__Problem to work on__:
Give all the lines below again, exactly, with no pictures.

__Dataset excerpt__:
┏━━
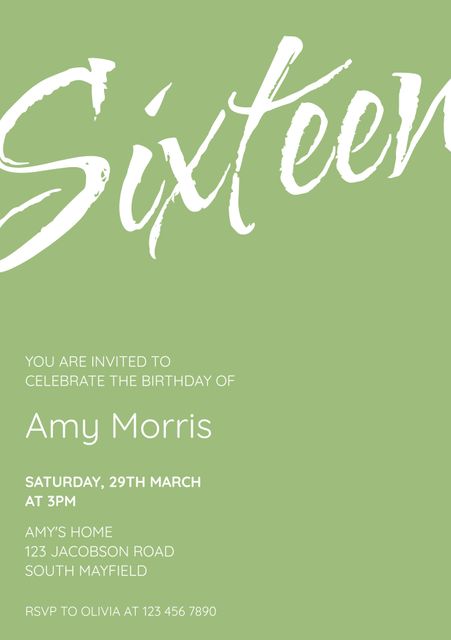 Perfect for celebrating sweet sixteen birthdays with a touch of elegance and sophistication. Ideal for any girl who prefers a modern and minimalist theme. The stylish typography and green background make it stand out. Suitable for sending digitally or printing out for a classy birthday bash.
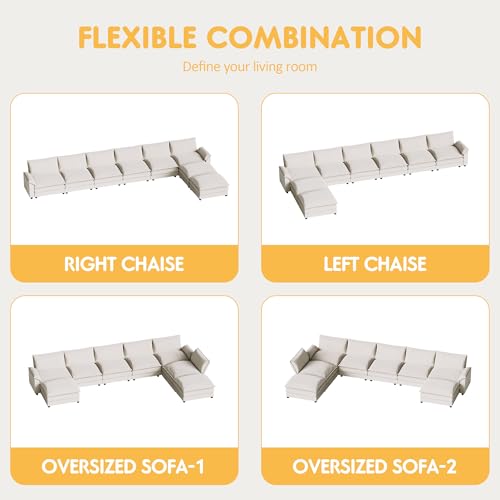 Homall 119" Modular Sectional Sofa with Reversible Ottoman, Light Grey V97154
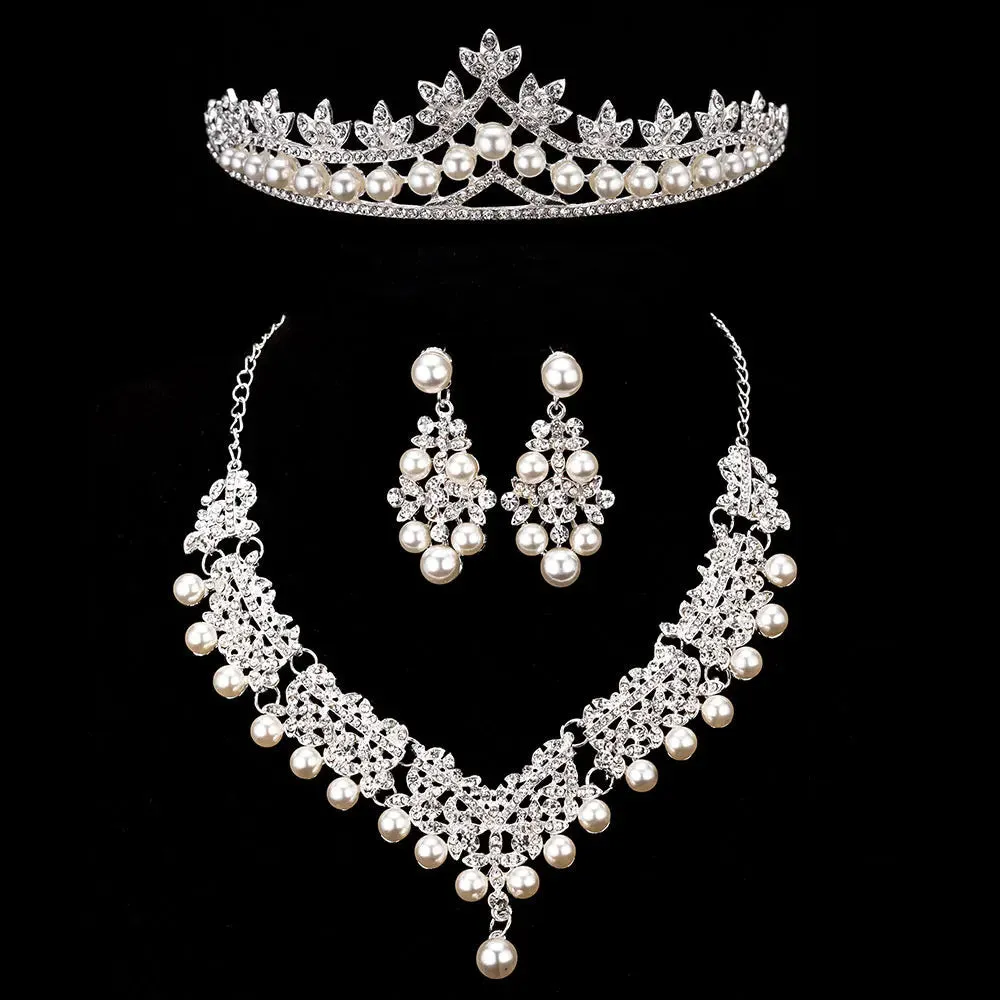 Bride Crystal Pearl Costume jewelery sets Rhinestone Choker Necklace Earrings Tiara Bridal Women Wedding Jewelry Set
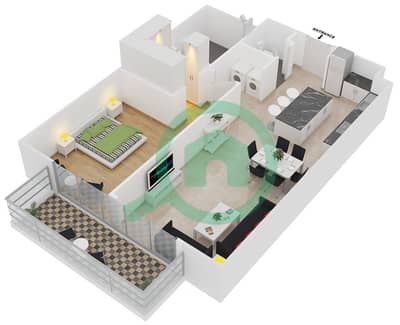 Belgravia 1 - 1 Bed Apartments Type 1 Floor plan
┗━━
__Written solution__:
 Perfect for celebrating sweet sixteen birthdays with a touch of elegance and sophistication. Ideal for any girl who prefers a modern and minimalist theme. The stylish typography and green background make it stand out. Suitable for sending digitally or printing out for a classy birthday bash.
 Homall 119" Modular Sectional Sofa with Reversible Ottoman, Light Grey V97154
 Bride Crystal Pearl Costume jewelery sets Rhinestone Choker Necklace Earrings Tiara Bridal Women Wedding Jewelry Set
 Belgravia 1 - 1 Bed Apartments Type 1 Floor plan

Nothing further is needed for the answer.